Issekutz A C, Mu J Y, Liu G, Melrose J, Berg E L
Department of Pediatrics, Dalhousie University, Halifax, Nova Scotia, Canada.
Arthritis Rheum. 2001 Jun;44(6):1428-37. doi: 10.1002/1529-0131(200106)44:6<1428::AID-ART238>3.0.CO;2-U.
To determine the role of the endothelial cell adhesion molecules E- and P-selectin in the development and severity of adjuvant-induced arthritis (AIA) in the rat.
Lewis rats were immunized subcutaneously with Mycobacterium butyricum (Mb), and blocking monoclonal antibodies (mAb) to rat E- and P-selectin were administered. Clinical score, radiolabeled (51Cr and 111In) blood polymorphonuclear leukocyte (PMN) and monocyte migration to joints, and histologic features were monitored.

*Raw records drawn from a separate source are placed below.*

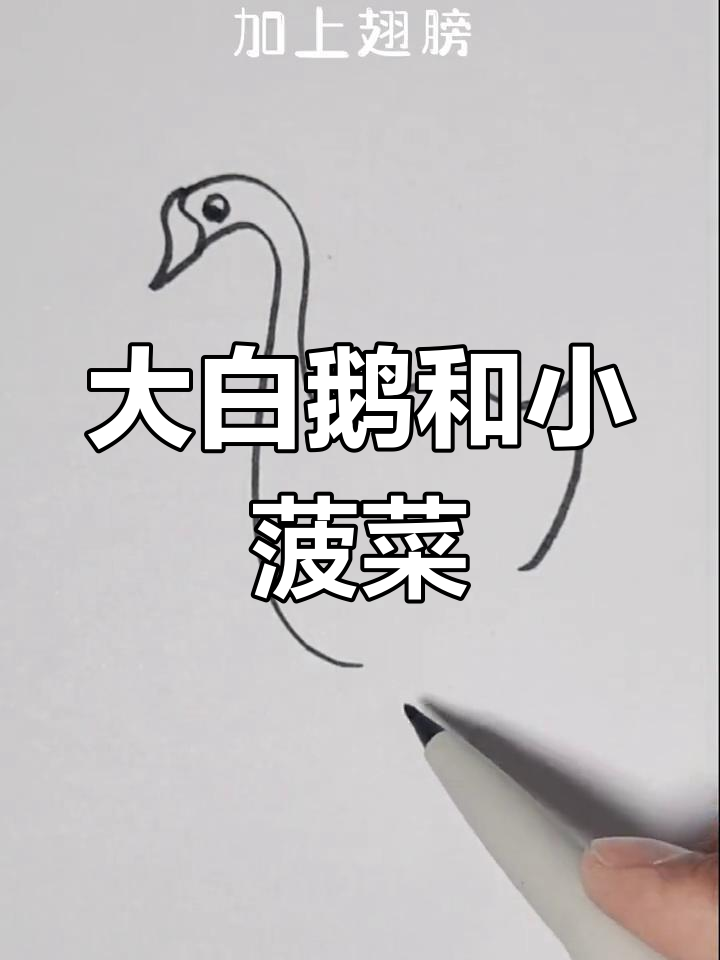 水中的大白鹅与小菠菜,亲子简笔画乐趣多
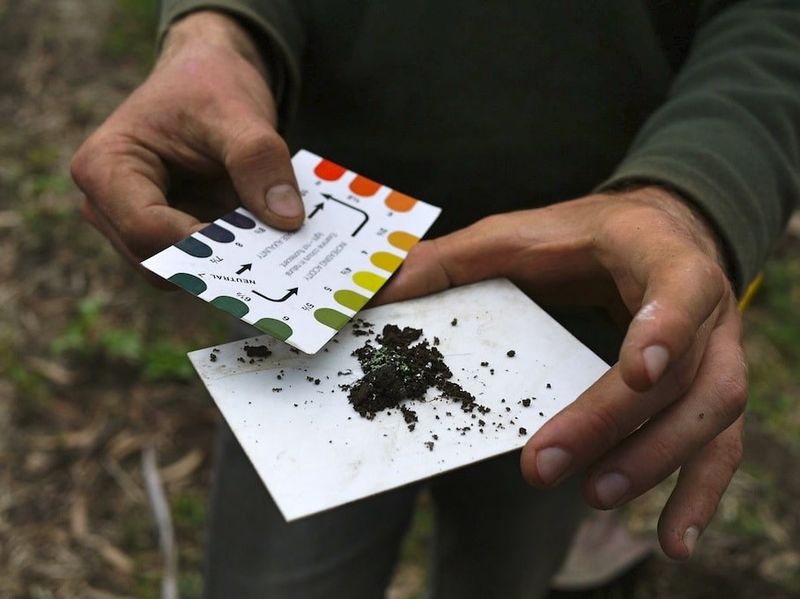 Use a soil test to guide, not replace, the diagnosis Use a soil test to guide, not replace, the diagnosis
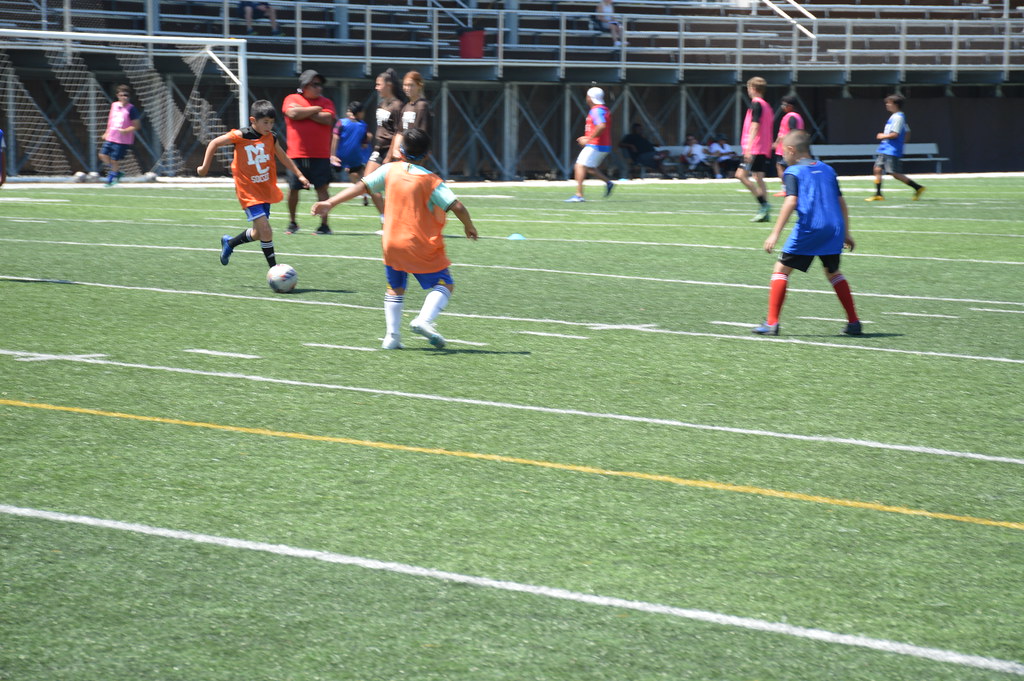 DSC_0063 Mount Carmel High School Flickr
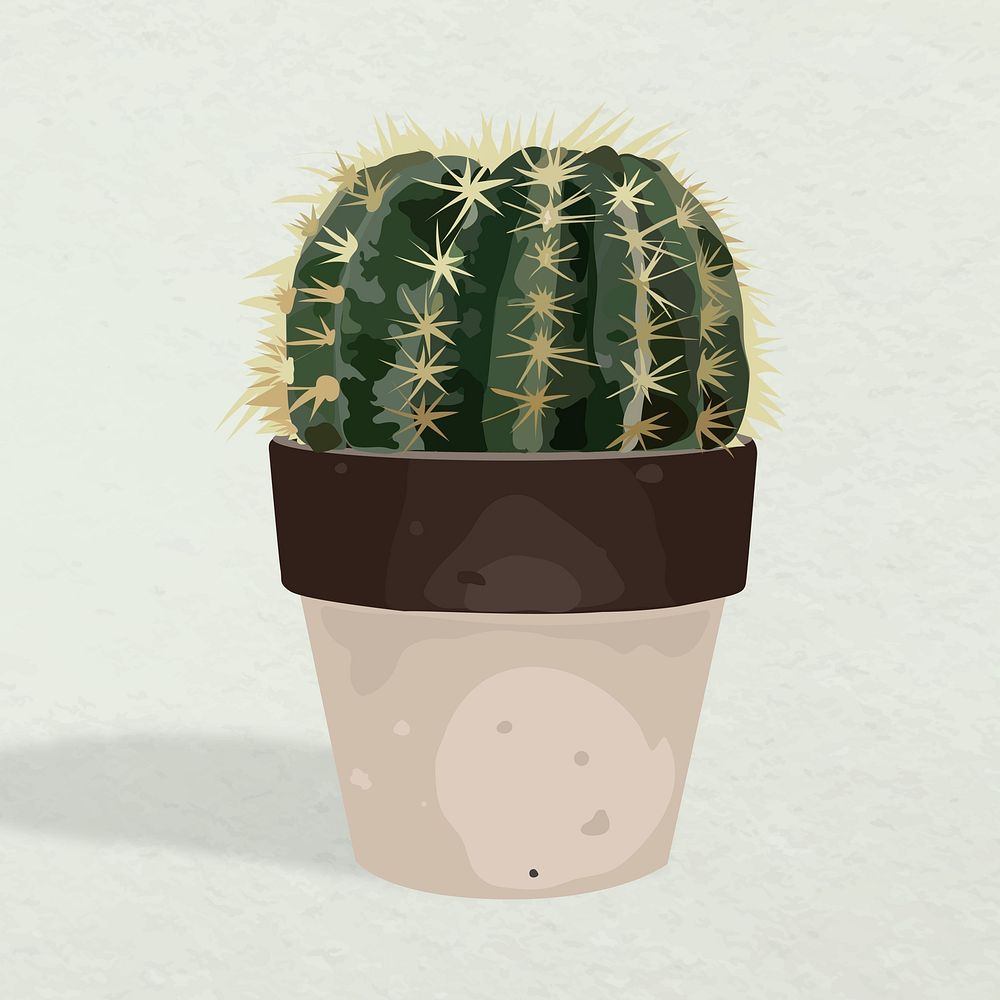 Plant vector art, cactus pot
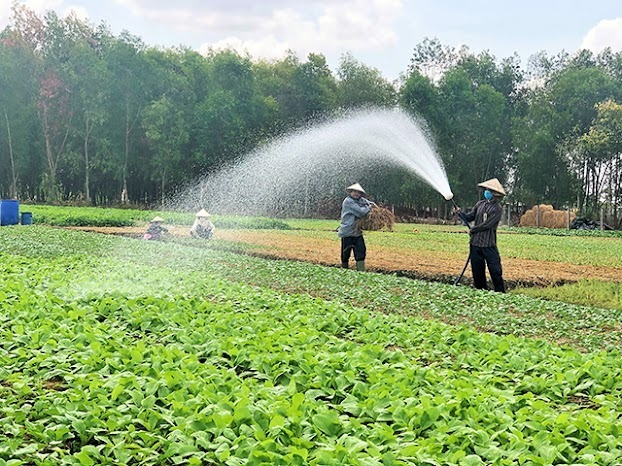 Nông thôn mới không chỉ là đích đến, mà là hành trình nâng chuẩn liên tục. Ảnh minh họa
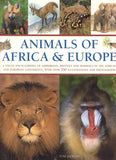 Animals of Africa and Europe: A Visual Encyclopedia of Amphibians, Reptiles and Mammals in the Asian and Australasian Continents, with over 350 Illustrations and Photographs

When mAb treatment was started on day 5 postimmunization with Mb (preclinical stage), development of AIA was significantly (P < 0.01) inhibited by mAb to E- but not to P-selectin (mean score on day 14 control 10.2, anti-E 2.8, anti-P 9.1). This was associated with markedly decreased migration (by 66-94%) of PMN and monocytes to arthritic joints and diminished cartilage degradation. When treatment was delayed until animals showed signs of arthritis (day 10 postimmunization), only a marginal and variable effect was observed as compared with blockade during the preclinical (day 5) stage. E-selectin blockade on day 5 and day 7 postimmunization resulted in inhibition of antigen-dependent T cell-mediated inflammation, since it decreased T cell migration to sites of dermal-delayed hypersensitivity induced by Mb without affecting migration to concanavalin A or cytokines. The proliferative response of T cells to Mb in vitro was not altered.
E-selectin plays an important role early in the development of AIA. This adhesion molecule may contribute to the migration of antigen-reactive T cells to peripheral tissues, including the joints where T cells initiate the arthritis.
确定内皮细胞黏附分子E-选择素和P-选择素在大鼠佐剂性关节炎(AIA)的发生发展及严重程度中的作用。
用丁酸分枝杆菌(Mb)皮下免疫Lewis大鼠,并给予大鼠E-选择素和P-选择素的阻断单克隆抗体(mAb)。监测临床评分、放射性标记(51Cr和111In)的血液多形核白细胞(PMN)和单核细胞向关节的迁移以及组织学特征。
当在免疫Mb后第5天(临床前期)开始mAb治疗时,E-选择素mAb可显著(P<0.01)抑制AIA的发生,而P-选择素mAb则无此作用(第14天的平均评分:对照组为10.2,抗E组为2.8,抗P组为9.1)。这与PMN和单核细胞向关节炎关节的迁移显著减少(减少66%-94%)以及软骨降解减轻有关。当治疗延迟至动物出现关节炎体征时(免疫后第10天),与临床前期(第5天)进行阻断相比,仅观察到轻微且多变的效果。免疫后第5天和第7天进行E-选择素阻断可抑制抗原依赖性T细胞介导的炎症,因为它减少了T细胞向由Mb诱导的皮肤迟发型超敏反应部位的迁移,而不影响其向刀豆蛋白A或细胞因子的迁移。T细胞在体外对Mb的增殖反应未改变。
E-选择素在AIA发生早期起重要作用。这种黏附分子可能有助于抗原反应性T细胞迁移至外周组织,包括T细胞引发关节炎的关节。